A true visionary of world cinema

 

Edward Yang was one of Taiwan's most memorable and groundbreaking auteurs, who, along with fellow filmmakers Hou Hsiao-hsien (侯孝賢) and Wan Jen (萬仁), gave rise to the 1980s movement of Taiwanese New Wave Cinema.

 

After years of domination by expensive propaganda films produced by the Central Motion Pictures Corporation (CMPC) in Taiwan, fresh management and an increase in living standards offered a window of opportunity to a new generation of filmmakers. This close-knit group of directors, screenwriters, and crew members were at the peak of their creativity and were driven by nothing more than a fierce will to produce something new in Taiwan cinema.

 

Members such as Hsiao Yeh (小野) and Wu Nien-jen (吳念真), who had earlier footholds in the film industry, would strategically promote new directors and defend the creativity of screenwriters even against the orders of their superiors.
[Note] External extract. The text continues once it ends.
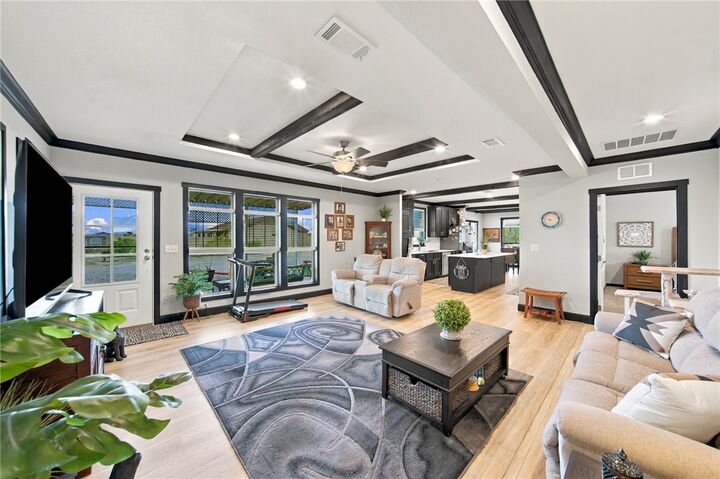 Property Photo: 1732 E Hammer Lane AZ 86426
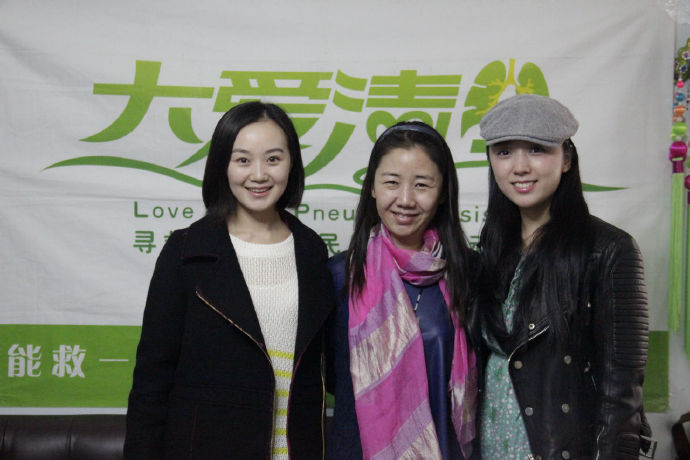 善心莲心再度向北京大爱清尘基金会捐赠35台制氧机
Others like Hou, who mortgaged his house to fund Yang's seminal "Taipei Story (青梅竹馬)," believed firmly in local talent.

 

The ensuing Taiwanese New Wave Cinema flourished for over a decade and defining issues of that era, such as the search for national identity, generational shift in lifestyle and values, and the contrast of everyday life in rural and urban settings, were encapsulated by their films.

 

Moreover, narrative techniques including breakthroughs in structural complexity, the mixing of reality and fiction, and the use of flashbacks within flashbacks, were aptly introduced to Taiwan's filmmaking industry.

 

World cinema lost a true visionary when Yang passed away on June 29, 2007. However, the sparse seven-feature collection he produced over three decades is an undeniable oeuvre of stunning beauty, power, and originality:

 

1983 ― "That Day, on the Beach (海灘的一天)" is Yang's debut feature on the reunion of two female friends after divergent paths led to a 13-year separation.

 

1985 ― "Taipei Story (青梅竹馬)" uses the slow dissolution of a romantic relationship to parallel the past and future development of Taipei City.

 

1986 ― "The Terrorizers (恐怖份子)" is a complex, chilling crime story set amid cold-blooded ambition, a mysterious gunshot, and three sets of characters.

 

1991 ― "A Brighter Summer Day (牯嶺街少年殺人事件)" bemoans the lack of warmth in people's hearts as mounting oppression in Taiwanese society results in murderous consequences.

 

1994 ― "A Confucian Confusion (獨立時代)" is a biting black comedy portraying Yang's vision of a city in moral crisis despite its opulent appearance.

 

1996 ― "Mahjong (麻將)" - a tale of hoodlums and gambling debts, in which Yang defies gangster movie conventions with his unique plot twists.

 

2000 ― "Yi Yi (一一)," his seminal film, opens with a wedding and ends on a funeral as Yang uses the narratives of a three-generational family to illustrate Taipei in the 21st century.